Longest Common Prefix of K Strings After Removal

To solve the problem, use a trie to store all strings and compute the longest common prefix for each element. Efficient management of the trie is critical. This involves keeping track of how the removal of each word affects the common prefix among the remaining strings.

Problem Statement

You are given an array of strings and an integer k. For each index i, find the length of the longest common prefix among any k strings selected from distinct indices in the remaining array after removing the ith element. Return an array of the results where the value for each index corresponds to the result for that element's removal. If the removal results in fewer than k strings, return 0.

In other words, for each string in the array, you must identify the longest common prefix of any k remaining strings after removing that specific string. Efficiently managing the data structure to store and compute the prefixes for the remaining strings is key to solving this problem. If fewer than k strings are left after removal, return 0 for that index.

Examples

Example 1

Input: words = ["jump","run","run","jump","run"], k = 2

Output: [3,4,4,3,4]

Example 2

Input: words = ["dog","racer","car"], k = 2

Output: [0,0,0]

Constraints

• 1 <= k <= words.length <= 105
• 1 <= words[i].length <= 104
• words[i] consists of lowercase English letters.
• The sum of words[i].length is smaller than or equal 105.

Solution Approach

Use a Trie for Prefix Storage

The key to solving this problem efficiently is utilizing a trie to store all the strings. A trie allows us to easily compute the longest common prefix between any set of strings. By storing all strings initially in the trie, we can calculate the common prefix for any k strings quickly, while managing string removals.

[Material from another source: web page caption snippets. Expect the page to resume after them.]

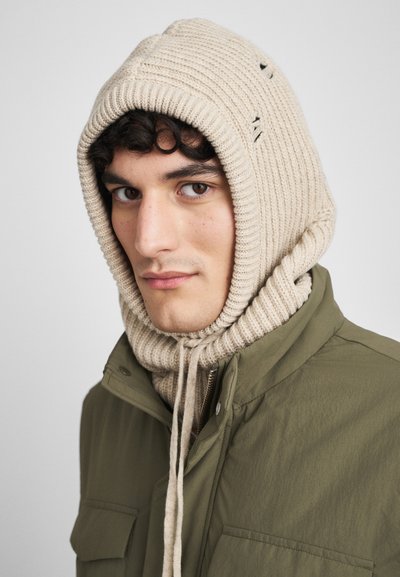 Bežena rebrasta pletena kapa s zategami, nosijoča se nad zelenim jopičem, ki ima tesno prileganje in majhne luknjice za teksturo.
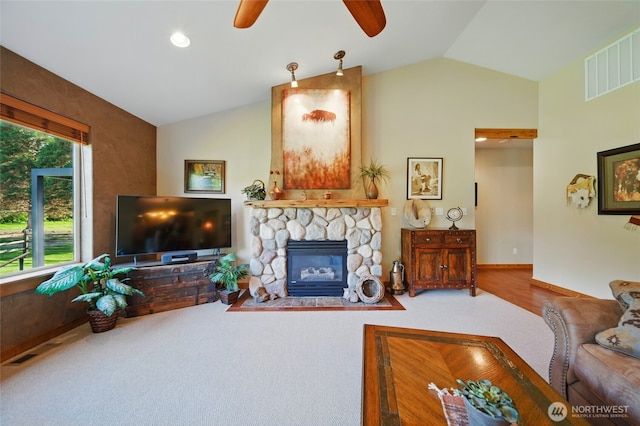 52 Buttonquail Ln, Walla Walla, WA 99362 - carpeted living room featuring ceiling fan, lofted ceiling, a stone fireplace, and baseboards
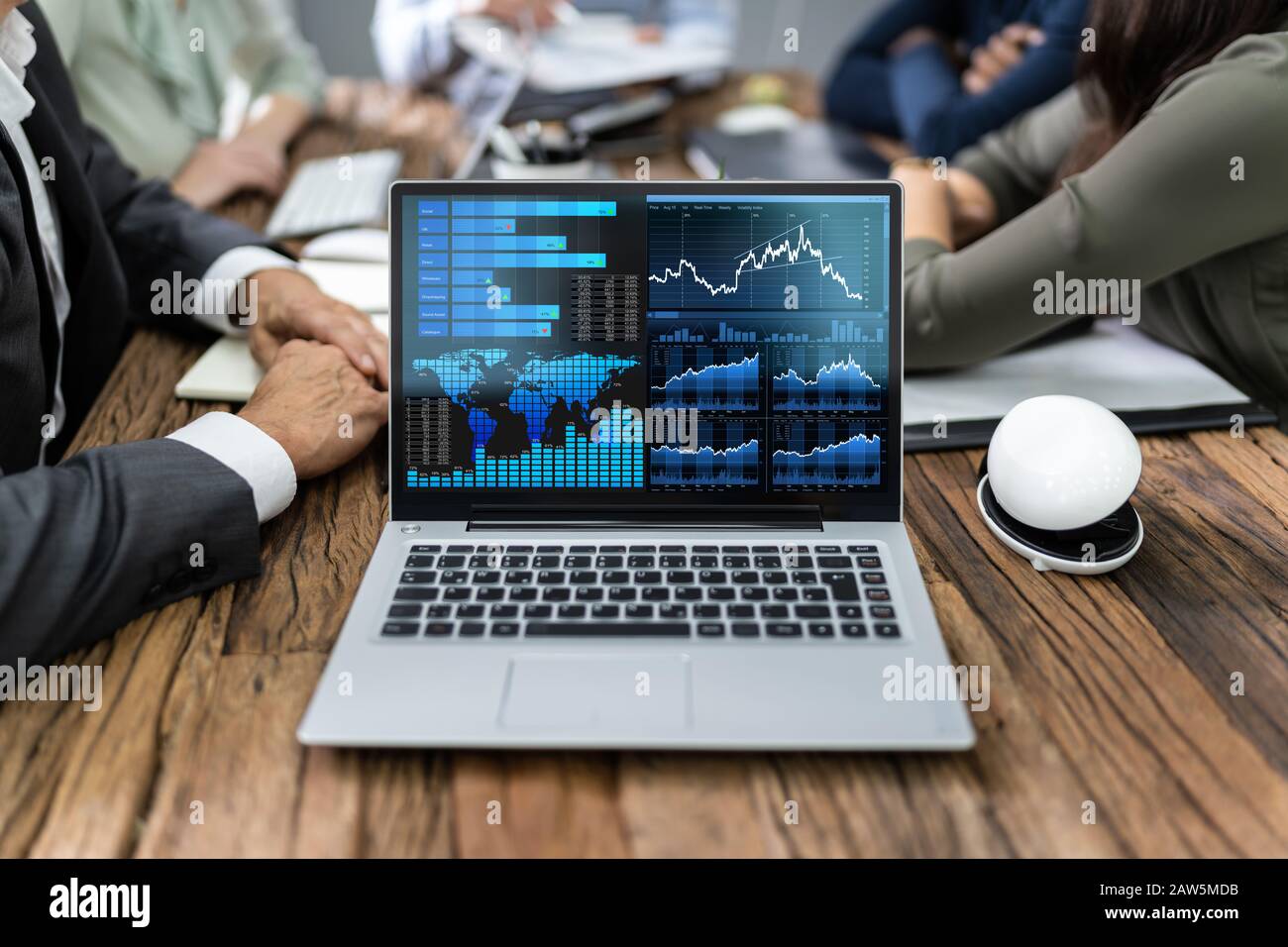 Close-up Of Male And Female Businesspeople In Meeting Discussing Graphs Stock Photo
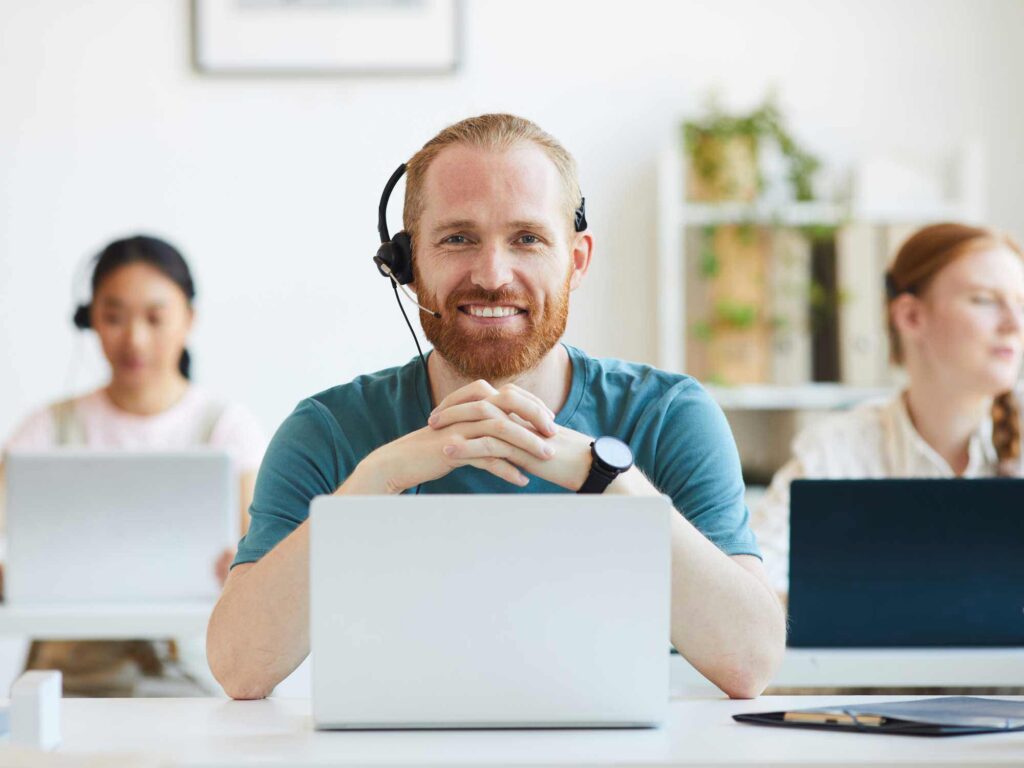 smiling call center agents talking with customers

Track Frequency of Prefixes

As we process each string, we can track the frequency of each prefix in the trie. This enables us to quickly determine if a prefix is common to at least k remaining strings after a string is removed.

Handle Edge Cases of Removal

When a string is removed, the trie must be adjusted efficiently. If fewer than k strings remain after removal, the result for that index should be 0. Proper management of the trie structure when a string is removed is crucial to solving the problem correctly.

Complexity Analysis

Metric	Value
Time	Depends on the final approach
Space	Depends on the final approach

The time complexity is dependent on the trie operations, which are influenced by both the number of strings and their lengths. Space complexity is also affected by the size of the trie, which grows with the total length of all strings in the input array.

What Interviewers Usually Probe

• Ensure the candidate uses a trie or similar efficient data structure to solve the problem.
• Check if the candidate considers edge cases where fewer than k strings remain after removal.
• Look for an understanding of how to efficiently update the trie after each string removal.

Common Pitfalls or Variants

Common pitfalls

• Failing to efficiently manage the trie when strings are removed, leading to high time complexity.
• Not handling cases where fewer than k strings remain after removal, returning incorrect results.
• Overcomplicating the solution without leveraging the trie structure to its full potential.

Follow-up variants

• Consider variations where k can be larger than the number of strings in the array.
• What if strings are very short, or there are multiple duplicate strings in the array?
• Can you solve this problem with a different data structure, and how would the complexity change?

FAQ

How does a trie help in solving this problem efficiently?

A trie allows for fast computation of the longest common prefix by storing strings in a tree-like structure. This enables efficient prefix lookup and management, especially when considering the removal of elements.

What happens when fewer than k strings remain after removal?

In such cases, the result for that index should be 0, as it is impossible to compute a common prefix from fewer than k strings.

Why is this problem considered hard?

The difficulty arises from the need to efficiently compute the longest common prefix among k strings after removing each element, which requires careful data structure management to avoid excessive time complexity.

What is the time complexity of the solution?

The time complexity depends on the size of the trie and the number of strings. Efficient trie operations are key to maintaining optimal performance.

What are common mistakes when solving this problem?

Common mistakes include failing to update the trie correctly after string removal or not handling edge cases where fewer than k strings remain after removal.